WORK TO BE COMPLETED: Retype, exactly and with both ends included, the lines below from the one containing "STEAM WINTER SALE" through the end; omit the pictures.

Short web captions:
*** Block opens ***

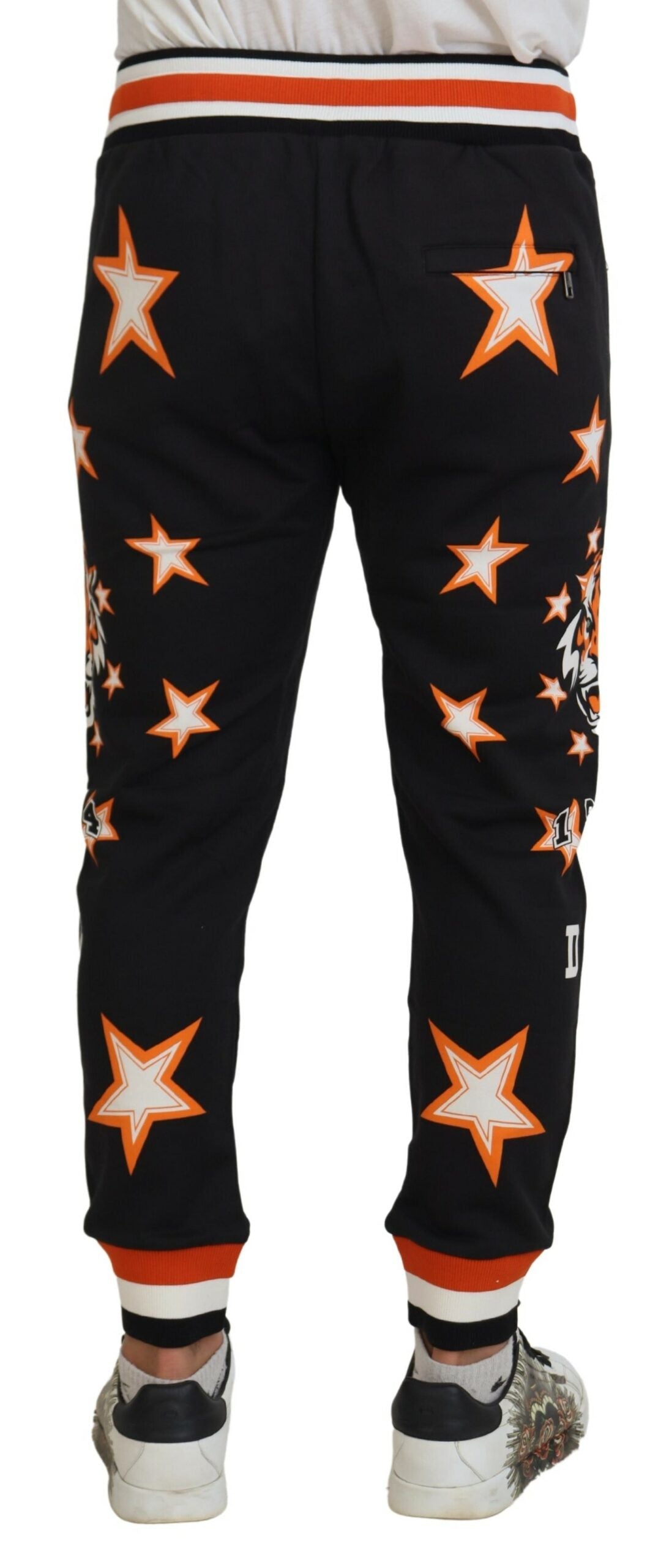 Dolce & Gabbana Schwarz Orange Star Hose Sporthose
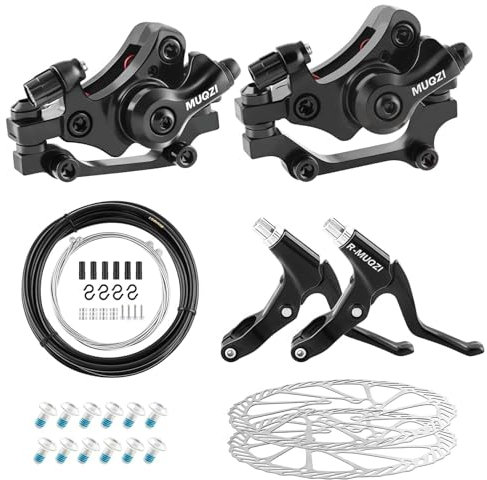 Trkimal Bicycle Disc Brake Kit Front Rear Caliper Brake Disc Set 160mm Rotor, Brake Handles Brake Cables Brake Levers Cable Kit for For Mountain Road Bike, Riding Bicycle (160mm Brake Sets)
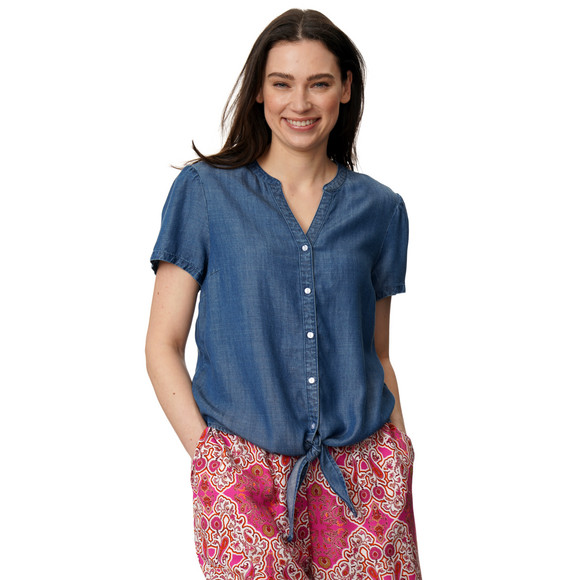 Damen Bluse in Denim-Optik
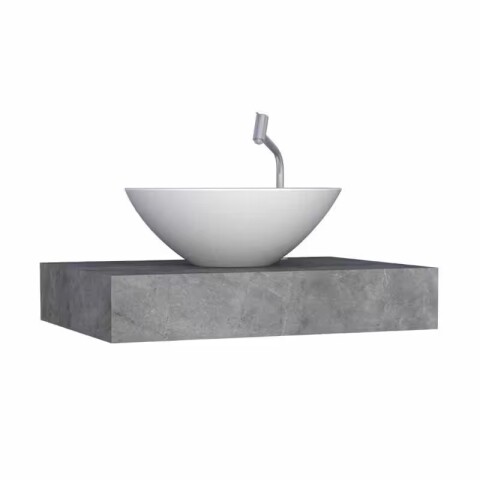 Mueble de baño suspendido en porcelanato Peri Gris Pulido 80 cm sin bacha Mueble De Baño Suspendido En Porcelanato Peri Gris Pulido 80 Cm Sin Bacha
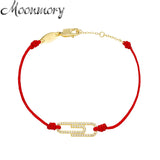925 Silver Paper Clip Red Rope Bracelet CZ Crystal Wrist Jewelry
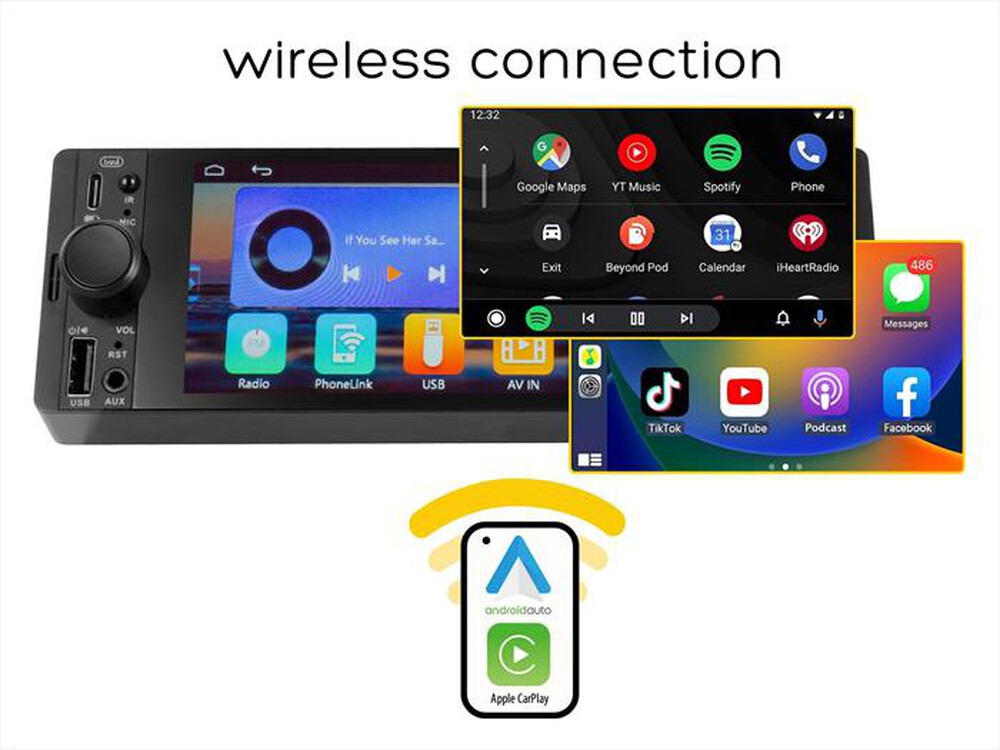 Immagine del prodotto TREVI - Autoradio DAB FM RDS 160W touchs 6.6" MDV 6370-Nero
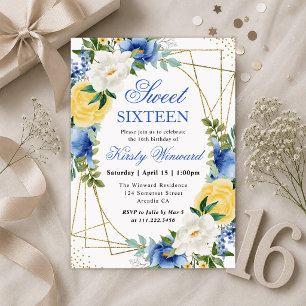 Blue and Yellow Flowers Gold Frame Sweet 16 Invitation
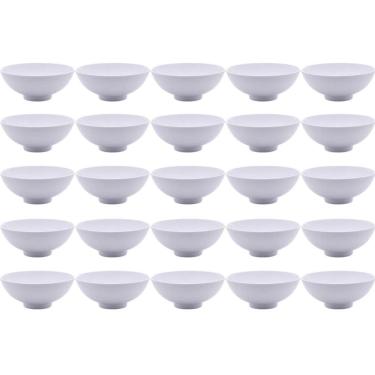 Imagem de Kit 25 Tigelas de Melamina Brancas 400ml Cumbucas para Resta
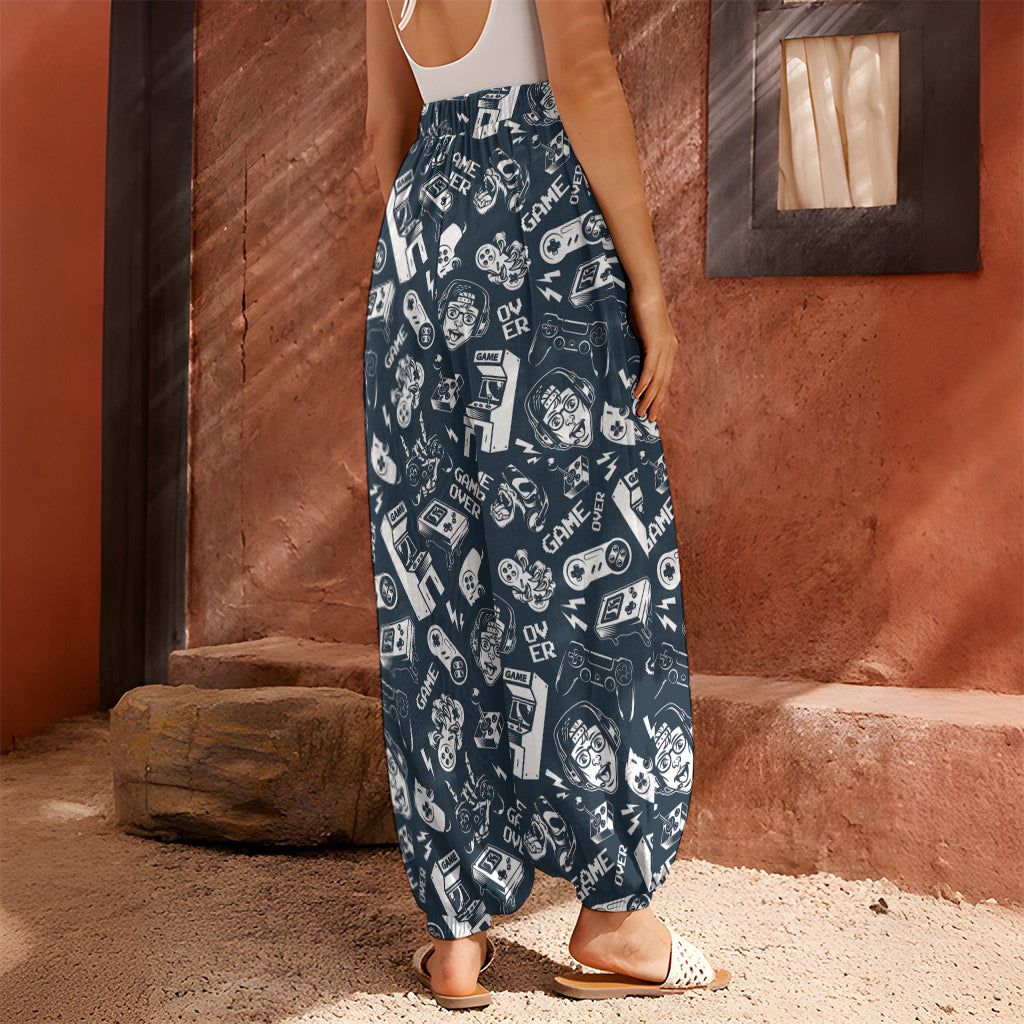 Video Game Devices Pattern Print Harem Pants
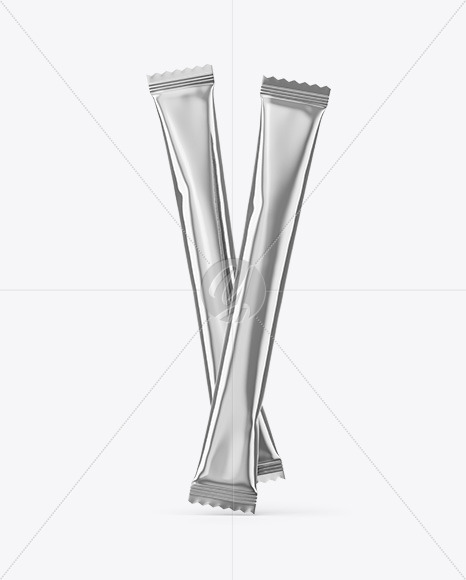 Two Metallic Stick Sachets Mockup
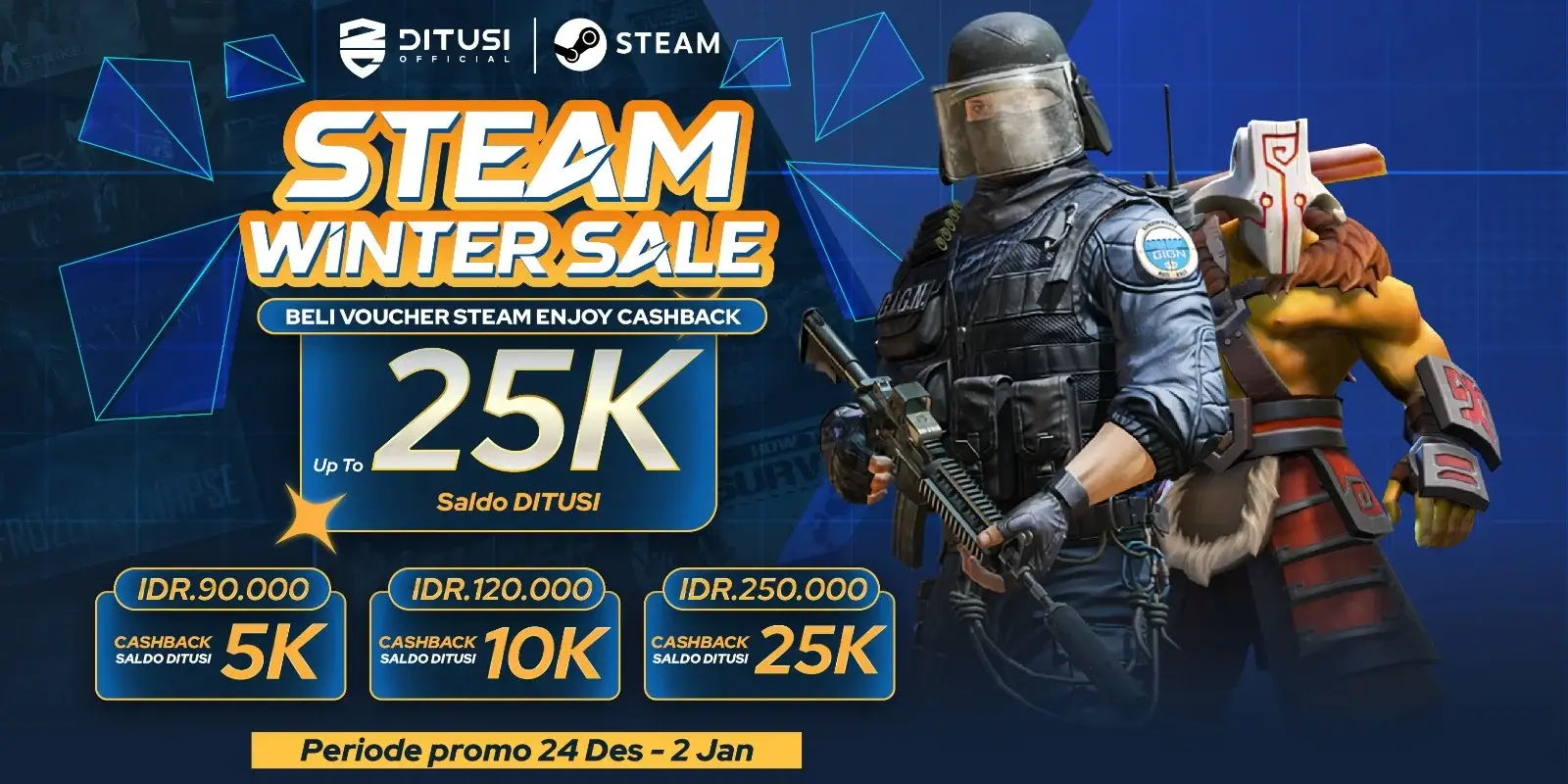 STEAM WINTER SALE - Beli voucher steam enjoy cashback up to 25k SALDO DITUSI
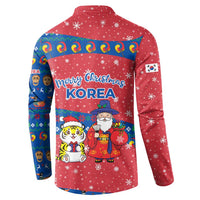 Korea Christmas Button Sweatshirt with Santa in Hanbok Tiger Character and Traditional Mask Pattern Design - Wonder Print Shop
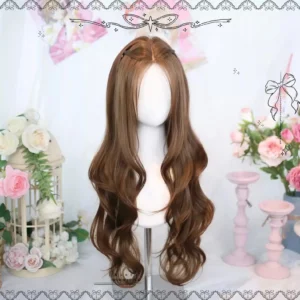 Straight-on full front display of warm brown synthetic curly Lolita wig on mannequin featuring voluminous loose waves, middle split part, and natural honey-brown hair tone in pastel romantic floral studio setting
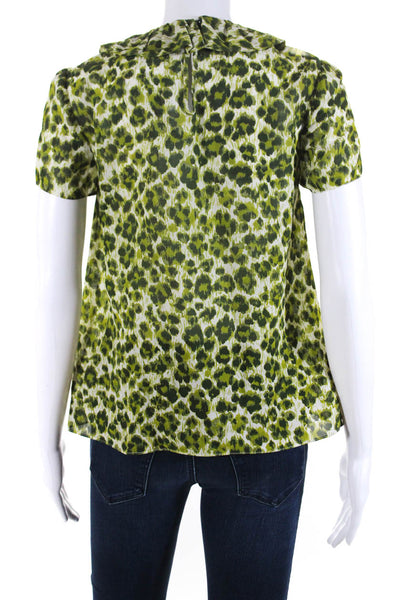 Kate Spade Womens Silk Animal Print Ruffled Back Buttoned Blouse Green Size XS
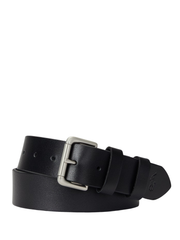 RALPH LAUREN Leather Roller-Buckle Belt Black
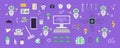 Large set of artificial intelligence illustrations. Cute robot assistant character with different faces and poses. Concepts for Royalty Free Stock Photo
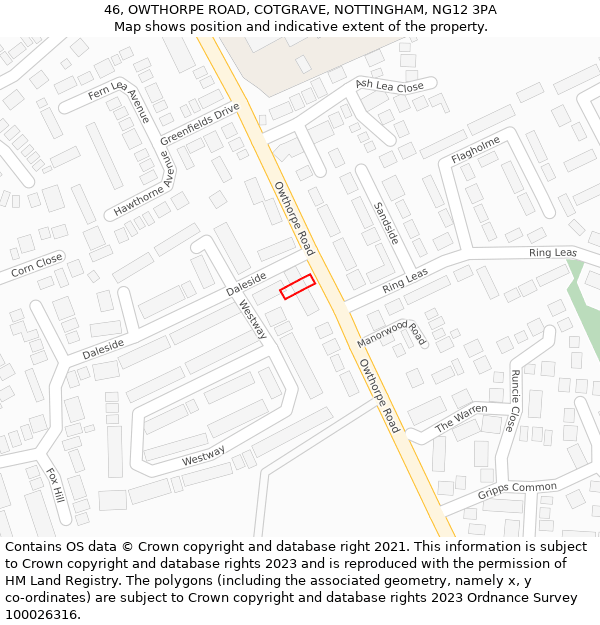 46, OWTHORPE ROAD, COTGRAVE, NOTTINGHAM, NG12 3PA: Location map and indicative extent of plot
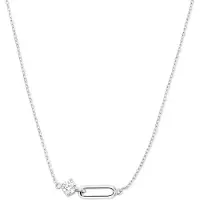 New Bling - 9NB-1614 - Zilveren Ketting met Witte Zirkonia-Steentjes – Gerhodineerd – Dames Ketting - 45cm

*** Block closes ***

RESULT FOR THIS EXERCISE:
 STEAM WINTER SALE - Beli voucher steam enjoy cashback up to 25k SALDO DITUSI
 Korea Christmas Button Sweatshirt with Santa in Hanbok Tiger Character and Traditional Mask Pattern Design - Wonder Print Shop
 Straight-on full front display of warm brown synthetic curly Lolita wig on mannequin featuring voluminous loose waves, middle split part, and natural honey-brown hair tone in pastel romantic floral studio setting
 Kate Spade Womens Silk Animal Print Ruffled Back Buttoned Blouse Green Size XS
 RALPH LAUREN Leather Roller-Buckle Belt Black
 Large set of artificial intelligence illustrations. Cute robot assistant character with different faces and poses. Concepts for Royalty Free Stock Photo
 46, OWTHORPE ROAD, COTGRAVE, NOTTINGHAM, NG12 3PA: Location map and indicative extent of plot
 New Bling - 9NB-1614 - Zilveren Ketting met Witte Zirkonia-Steentjes – Gerhodineerd – Dames Ketting - 45cm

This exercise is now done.